Hi Booargy, would you mind explaining exactly how the VR works? We are talking about 10 amp elements I think.

Wes


----------



## booargy (6/3/13)

voltage is inversely proportional to current. meaning as the voltage increases current decreases in proportion to voltage for a give wattage.

roughly if you have a 230v element that draws 10amp it will use 2300W.
P=VI so 230vx10A=2300W.

If you were to drop the voltage to 110v to get the same wattage we would have
I=P/V so 2300W/110V=20.9amps

So to calculate the wattage on our voltage controlled element we need a constant which is resistance. this can be calculated with
R-Resistance W-watts I-amps 
R=W/(I x I)

so we end up with
2300W/(10Ax10A)=23 ohms

Now we can calculate the power consumption of an element for a given voltage with P=(V x V)/R

if we reduce the voltage to 200V (200V x 200V)/23ohms=1740W

if we reduce the voltage to 150V (150V x 150V)/23ohms=978W

if we reduce the voltage to 50V (50V x 50V)/23ohms=109W

AC electricity travels in a wave form so the voltage rises from zero to peak. the solid state voltage regulators crop the top off the wave at the set voltage. So what is in effect happening is the heat density of the element is being reduced.

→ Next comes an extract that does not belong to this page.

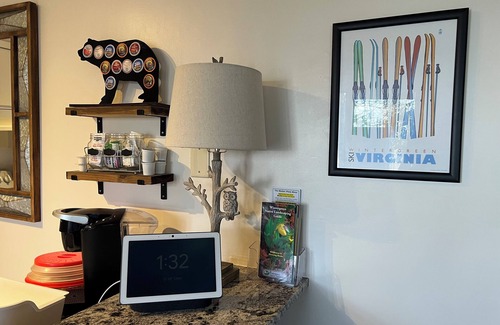 Nellysford Condo | Cozy Wintergreen Retreat- Clean, Updated & Convenient, King Bed, Non-Smoking
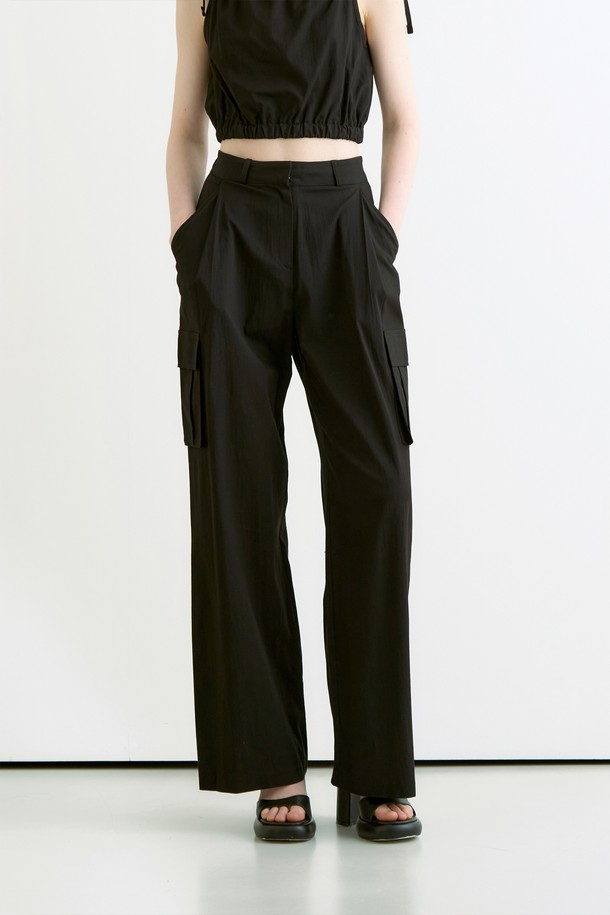 ADAUL - 스커트/팬츠 - Nylon cargo wide pants - black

Auberins ramp /soak PID units have a built in simerstat the menu heading is "OutH" the number is the percentage of the duty cycle on.


----------



## wessmith (7/3/13)

booargy said:


> voltage is inversely proportional to current. meaning as the voltage increases current decreases in proportion to voltage for a give wattage.
> 
> roughly if you have a 230v element that draws 10amp it will use 2300W.
> P=VI so 230vx10A=2300W.
> ...


Ohms Law update aside, your explanation of the VR tallies with my understanding - the electronics are simply switching ON or OFF. That may be full output or it can be by chopping the sinewave to give an effect of reduced voltage.

In any event, the one thing missing in your explanation is heat. Electronic switching devices generate a lot of heat and that is the reason you dont find them on higher power devices. The Variable voltage device shown on Ebay in an earlier post does not show the continuous rated load - only a peak load (3800w from memory) I would suggest it will run VERY hot if you try to run a 2400w element at less than say 75% power.

Anyway, a couple of suggestions for controlling kettle elements:
1. Use paralell/series switching with 2 elements - say 2 x 1000w with either a manual rotary switch or a DPDT contactor. That will achieve either 100% or 50% without any electronics
2. For heavier use, use 3 x 1000w elements and switch each one individually to achieve 33%, 66% or 100%

The latter is what we do with the 20 and 40kW elements in our 500 and 1000 litre electric kettles. Works a treat.

Wes


----------



## wessmith (7/3/13)

_Anyway, a couple of suggestions for controlling kettle elements:_
_1. Use paralell/series switching with 2 elements - say 2 x 1000w with either a manual rotary switch or a DPDT contactor. That will achieve either 100% or 50% without any electronics_
_2. For heavier use, use 3 x 1000w elements and switch each one individually to achieve 33%, 66% or 100%_

_The latter is what we do with the 20 and 40kW elements in our 500 and 1000 litre electric kettles. Works a treat._

_Wes_

Sorry folks, now I have had my second cup of coffee I realise that suggestion "1" above is wrong. There are 3 modes available, 500w (series connection), 1000w (single element) and 2000w (both elements in paralell)

Wes


----------



## treefiddy (7/3/13)

I gave the cheapo voltage regulator a go to turn down one of my 2400 W elements. It was so hot at 100% that I did not want to try reducing the voltage. If you must use one I would suggest using a larger heatsink with active cooling.

Power for my second element will now be through my PID/SSR.


----------